Better Best of Both Worlds Bounds for Bandits with Switching Costs
This addresses the challenge of balancing adversarial and stochastic regret bounds in bandit problems with switching costs, which is incremental but improves specific theoretical guarantees.
The paper tackles the problem of designing best-of-both-worlds algorithms for bandits with switching costs, achieving a minimax optimal regret bound of O(T^{2/3}) in the adversarial setting and an improved bound of O(min{log(T)/Δ^2, T^{2/3}}) in the stochastically-constrained regime, with a lower bound showing Ω̃(min{1/Δ^2, T^{2/3}}) regret is unavoidable.
We study best-of-both-worlds algorithms for bandits with switching cost, recently addressed by Rouyer, Seldin and Cesa-Bianchi, 2021. We introduce a surprisingly simple and effective algorithm that simultaneously achieves minimax optimal regret bound of $\mathcal{O}(T^{2/3})$ in the oblivious adversarial setting and a bound of $\mathcal{O}(\min\{\log (T)/Δ^2,T^{2/3}\})$ in the stochastically-constrained regime, both with (unit) switching costs, where $Δ$ is the gap between the arms.

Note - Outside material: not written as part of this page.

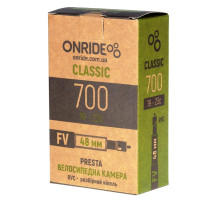 Велосипедна камера ONRIDE Classic RVC 700x19-23c FV 48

In the stochastically constrained case, our bound improves over previous results due to Rouyer et al., that achieved regret of $\mathcal{O}(T^{1/3}/Δ)$. We accompany our results with a lower bound showing that, in general, $\tildeΩ(\min\{1/Δ^2,T^{2/3}\})$ regret is unavoidable in the stochastically-constrained case for algorithms with $\mathcal{O}(T^{2/3})$ worst-case regret.